GRACE

I have a balloon in my chest. It’s the only explanation for the way I feel. I left the kitchen for a phone call and came back to a poem about me, left by McCartney, who disappeared before I could read it.

There’s a lump in my throat, too, the size and texture of a sea urchin, his words touching me deeply. I rise from the table to grab a glass of water and gulp it down, swallowing my feelings with it.

Just don’t say goodbye.

I will, though. I have to. I have a life: work, deadlines, friends, and family waiting for me.

I’ve clawed my way to the top and fought harder to outrun the chaos of my childhood.

I was supposed to find peace, quiet, and control.

I haven’t found love yet, but I keep telling myself it’s out there. It has to be.

Even as I think it, my stomach knots.
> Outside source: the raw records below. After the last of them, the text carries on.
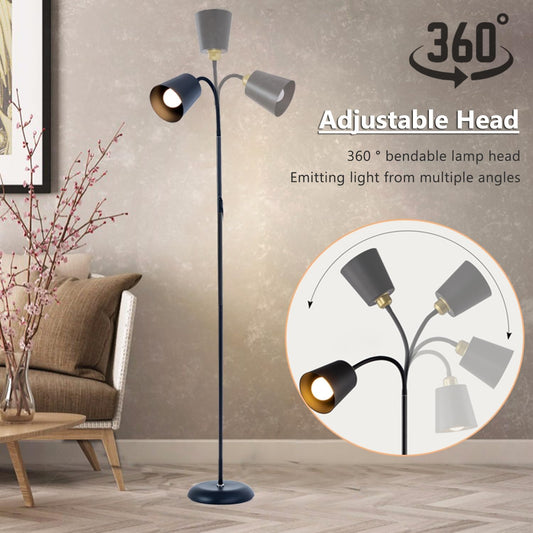 AoMck Floor Reading Lamp, Industrial Standing Lamps for Living Room with Adjustable Bendable, 2 in 1 Reading Table Lamps for Living Room Bedroom Office, 12W LED Bulb Included (Black Poles)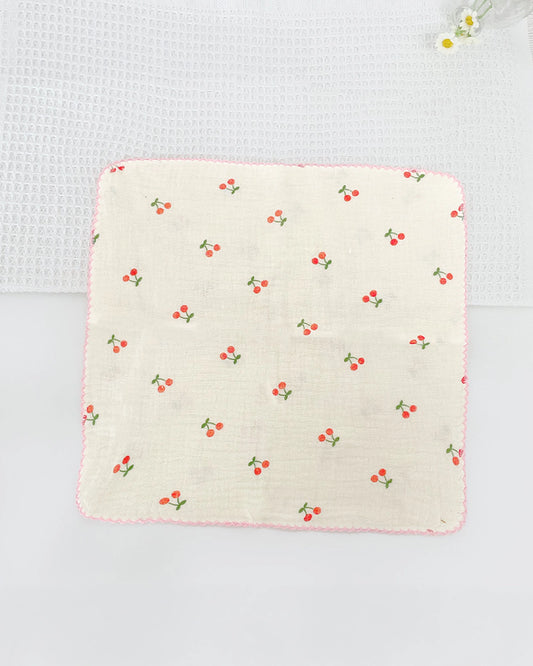 100% Organic Cotton Gauze Wash/Burp Cloth - Cherry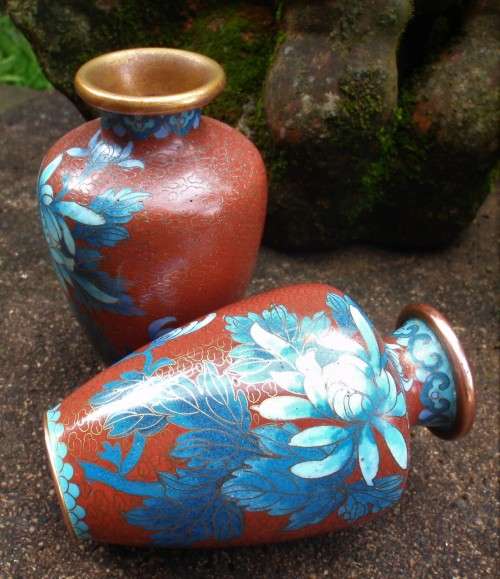 Vintage cloisonne vases - collectible pair of rare beauties.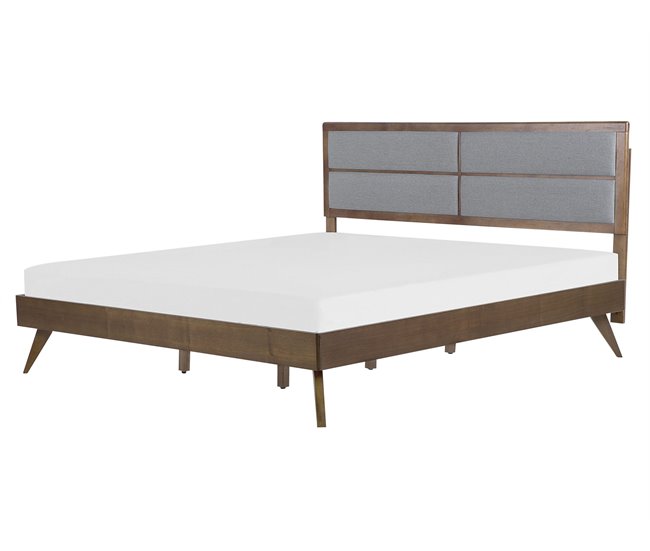 Beliani Cama con somier MDF POISSY 167x202 Gris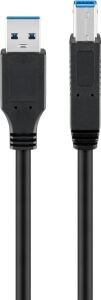 Goobay 93654 USB Kabel USB 3.2 Gen 1 (3.1 Gen 1) 3 m USB A USB B 5 Gbit/s Schwarz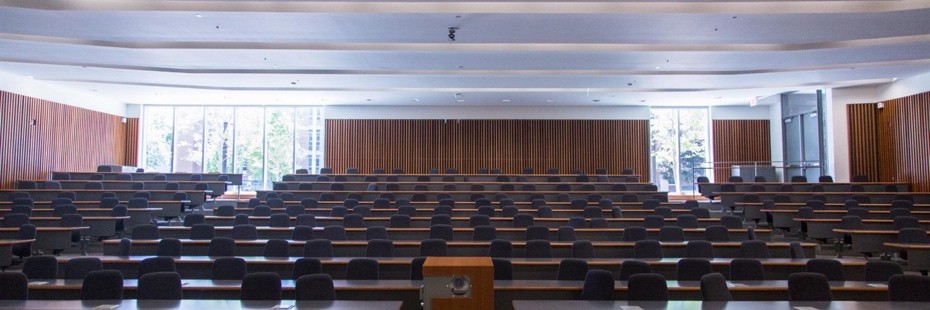 Photo of empty lecture hall from front stage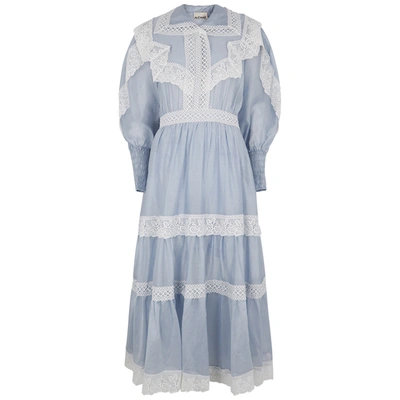 Shop Alemais Mara Blue Lace-trimmed Cotton-blend Dress In Light Blue
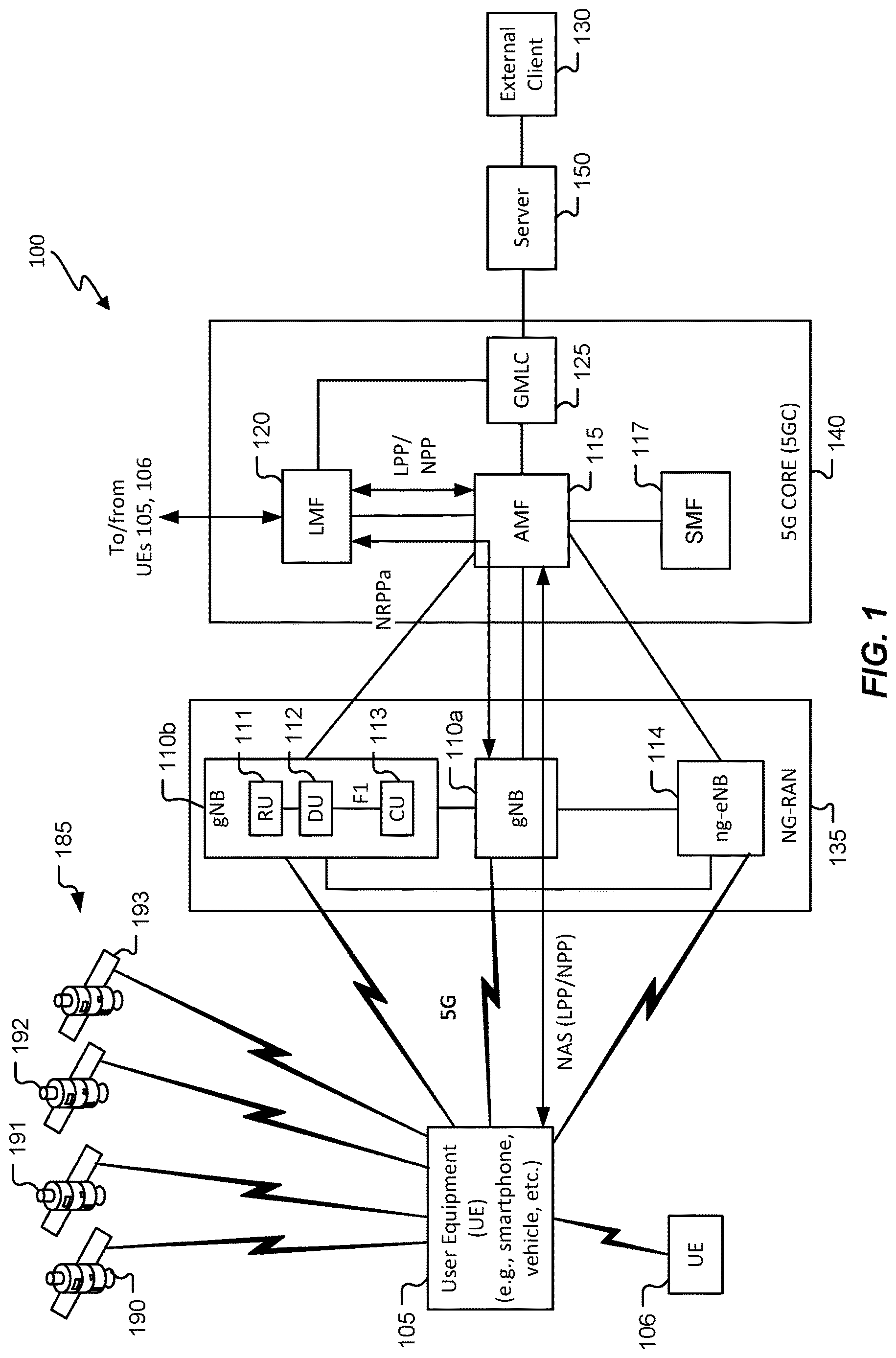 Patent US12618985 — Cooperative positioning with multiple global navigation satellite system receivers — Figure 1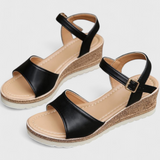 Daniela - Sandalias de Plataforma con Suela Trenzada y Punta Abierta
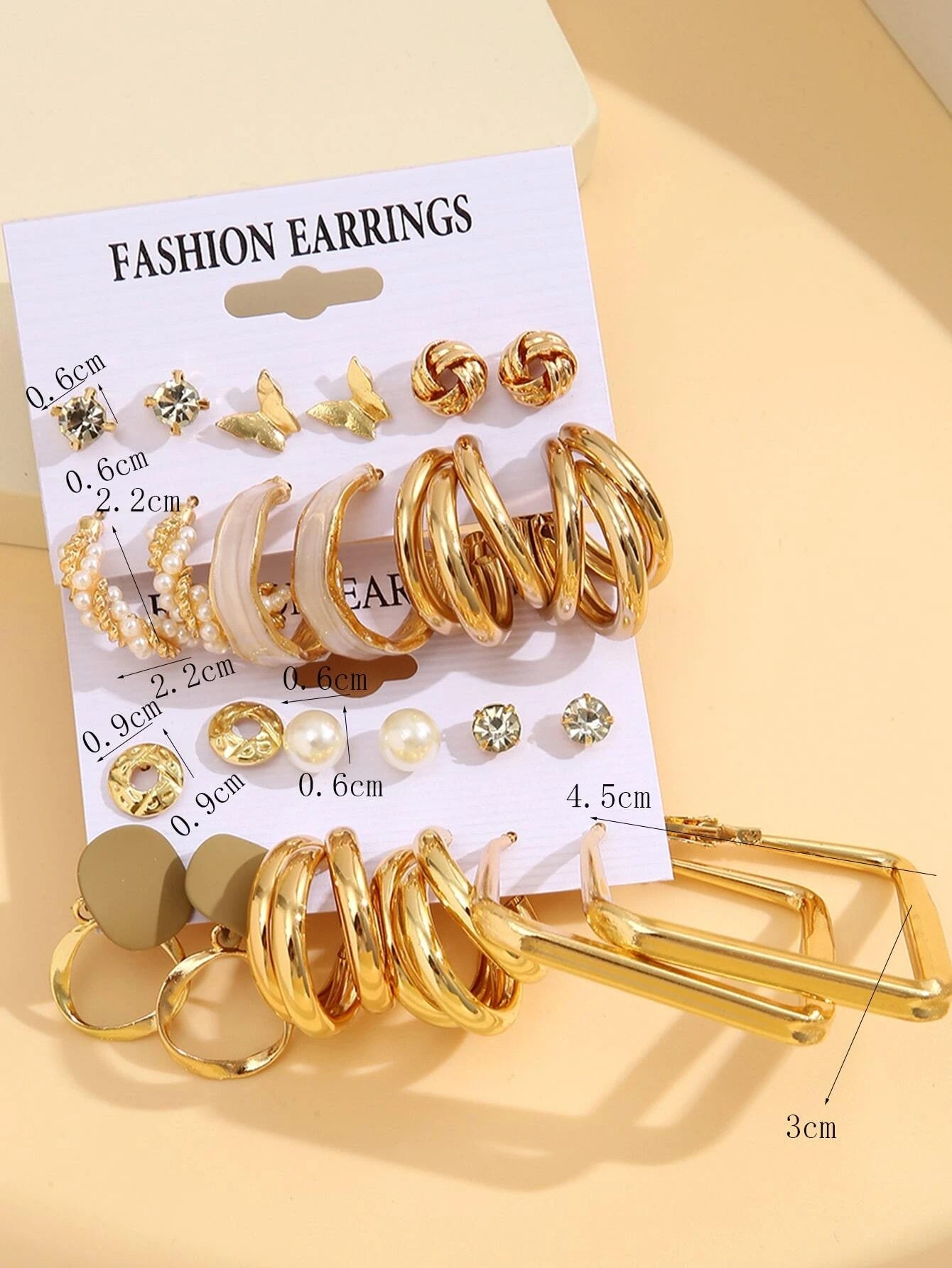 24Pcs Simple Rhinestone Faux Pearl Earrings with Metallic Geometric Design for Women, Perfect for Vacation, Dating, Gifts and Daily Wear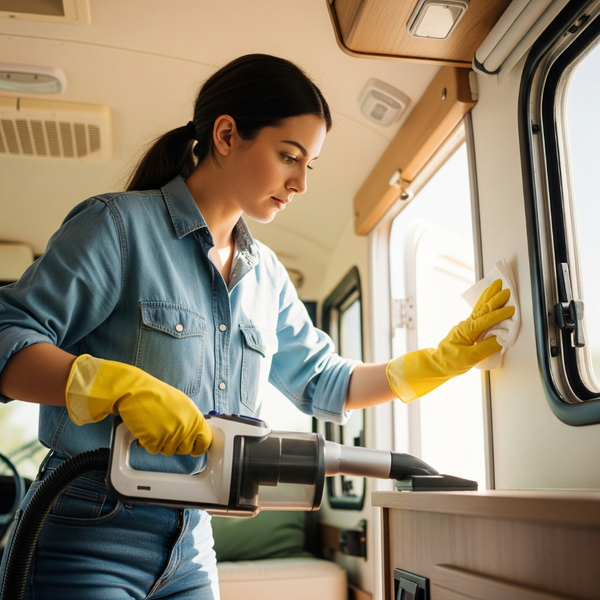 person wearing gloves cleaning the interior of an RV with a vacuum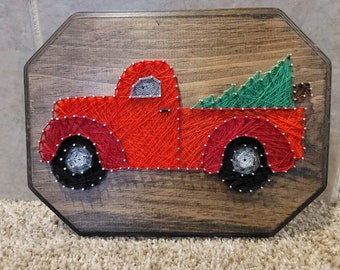 MADE TO ORDER Red Truck String Art Christmas Decor Merry Christmas ...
I don’t believe it.

How many more dates with crypto-bros, podcasters, and guys who call themselves “serial entrepreneurs” do I have to survive before I find something real?

I’ve kissed enough frogs to sink an entire damn fleet and all it’s earned me is emptiness and the sinking suspicion that I was never worthy of the fairy tale, anyway.

I shake it off and sink back into the chair, dragging my laptop closer. The glow of the screen steadies me, a tether to the part of me that still knows how to compartmentalize.

Time to be a professional again. Time to finish what I came here to do.

I find the start of the article that poured out of me and read it in a rush of rediscovery.

When I’m done, I stare at the final sentence. My finger hovers over the trackpad, ready to go back and smooth out the flaws, but I don’t. With only a single click to attach it to an email, it’ll be out there, permanent and unchangeable.

But I can’t do it. I’ve always been like this.

The last-minute girl. Give me a deadline, and I’ll dance right on the razor’s edge, chasing the thrill of deciding under pressure.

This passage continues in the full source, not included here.